__Required work__:
All that is needed is the line containing "Довгогубці Tuochi Tools" and the lines after it to the end of the material, written out exactly, pictures left aside.

__Available records__:
# # # #
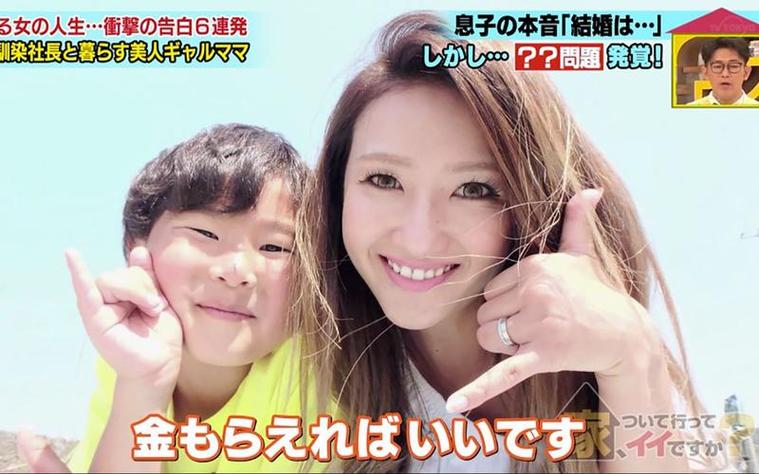 日本综艺：玩转生活，享受多彩人生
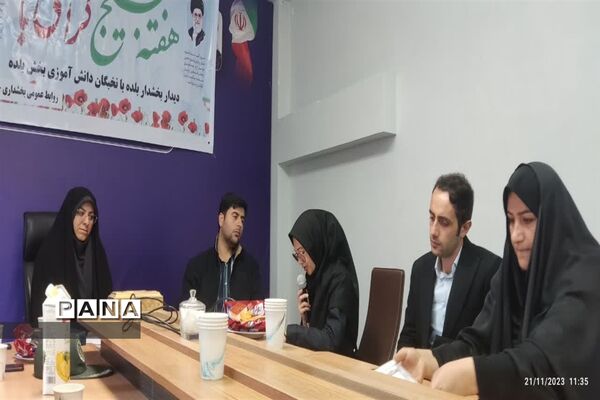 دیدار بخشدار بلده با نخبه‌های دانش‌آموزی منطقه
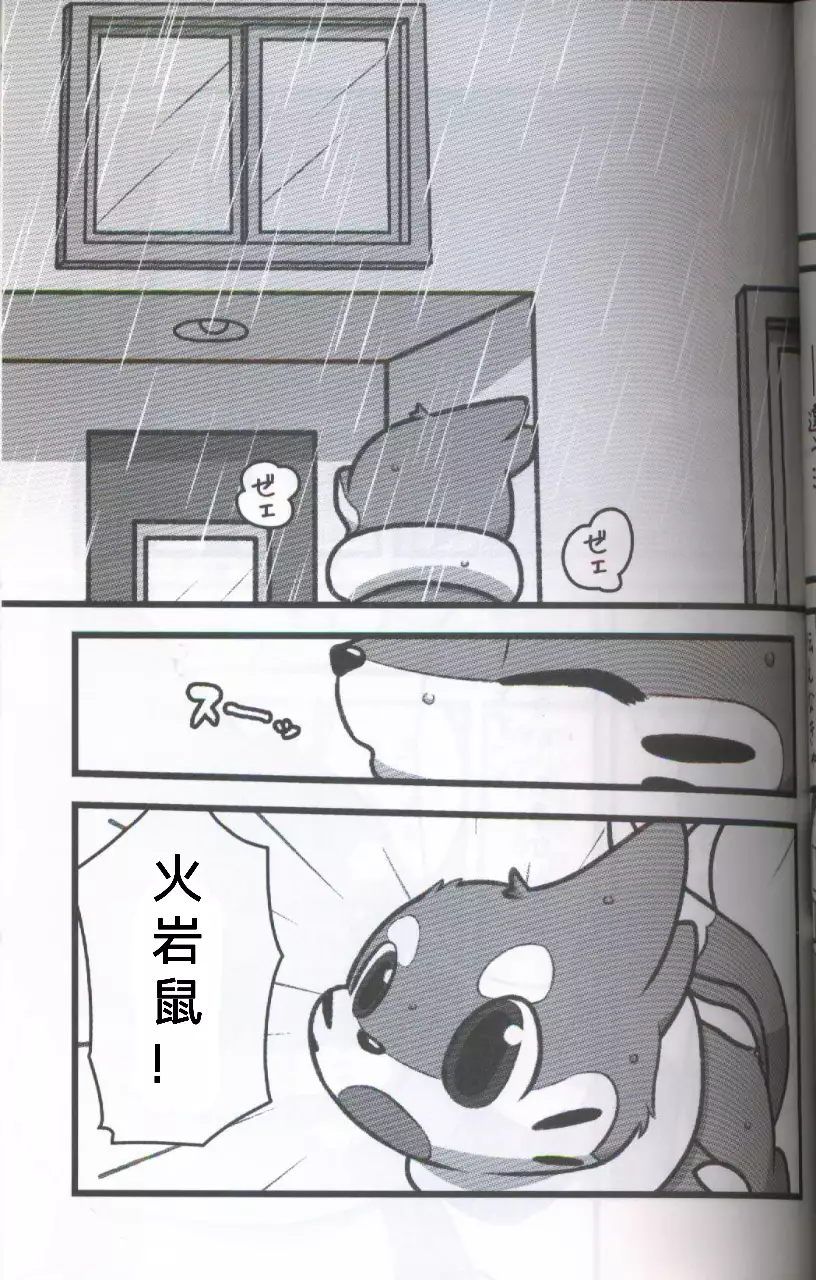 Screw Tail | 转动的螺旋桨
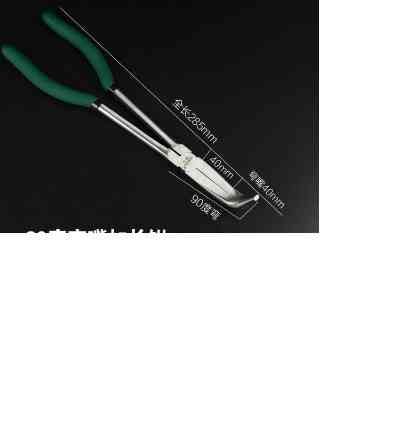 Довгогубці Tuochi Tools 285 х 40 х 40, 90 градусів Полтава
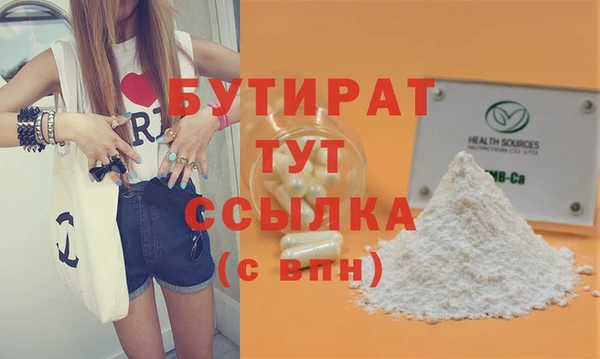 мдма Вяземский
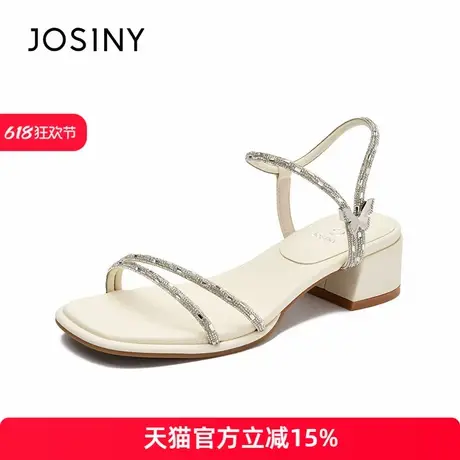 卓诗尼外穿凉拖鞋女2025年夏季露趾粗跟水钻方头舒适休闲两穿单鞋图片
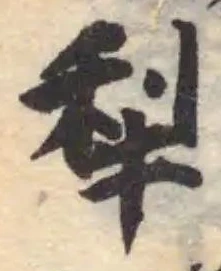 犁の位置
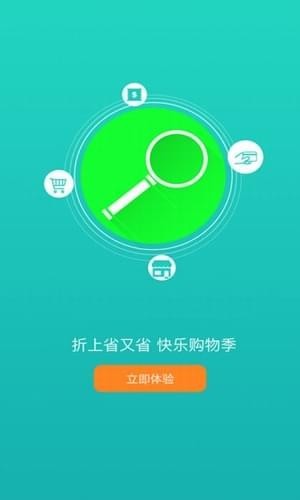 九塊九特價(jià)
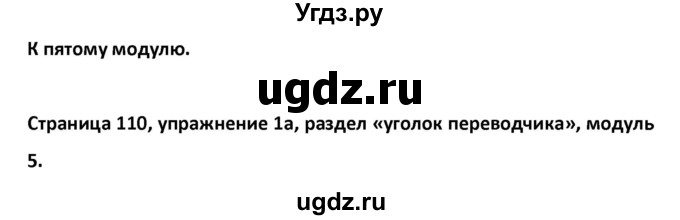 ГДЗ (Решебник) по английскому языку 11 класс (рабочая тетрадь Starlight) Баранова К.М. / страница номер / 110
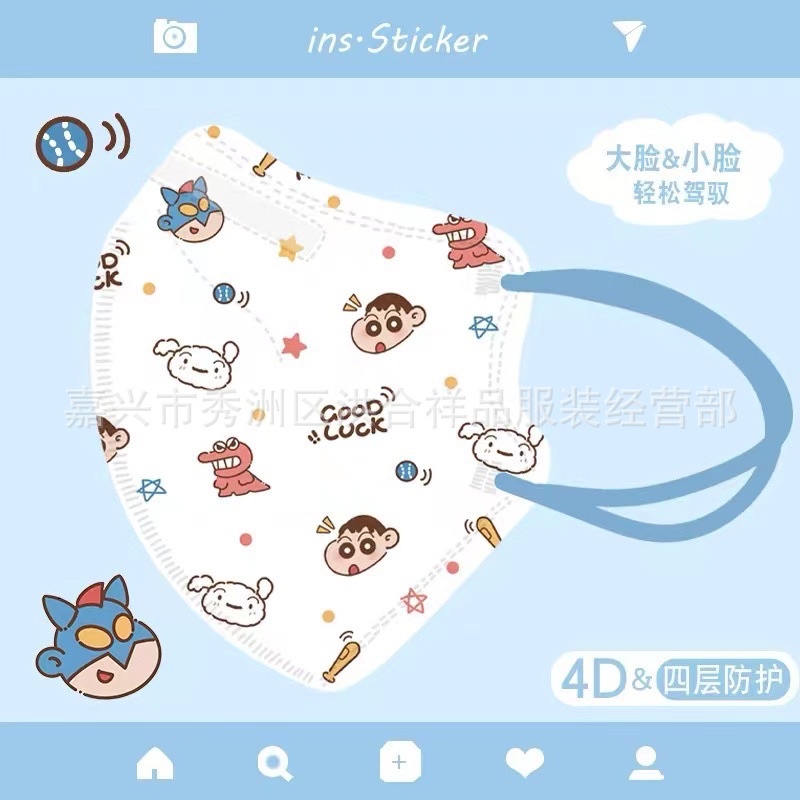 [ INDIVIDUAL SEAL PACK ] Masker Anak KN95 Motif Disney - Sanrio - Linabell - Stella / Masker Anak KN95 Cartoon Printing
# # # #
__Exercise result__:
 Довгогубці Tuochi Tools 285 х 40 х 40, 90 градусів Полтава
 мдма Вяземский
 卓诗尼外穿凉拖鞋女2025年夏季露趾粗跟水钻方头舒适休闲两穿单鞋图片
 犁の位置
 九塊九特價(jià)
 ГДЗ (Решебник) по английскому языку 11 класс (рабочая тетрадь Starlight) Баранова К.М. / страница номер / 110
 [ INDIVIDUAL SEAL PACK ] Masker Anak KN95 Motif Disney - Sanrio - Linabell - Stella / Masker Anak KN95 Cartoon Printing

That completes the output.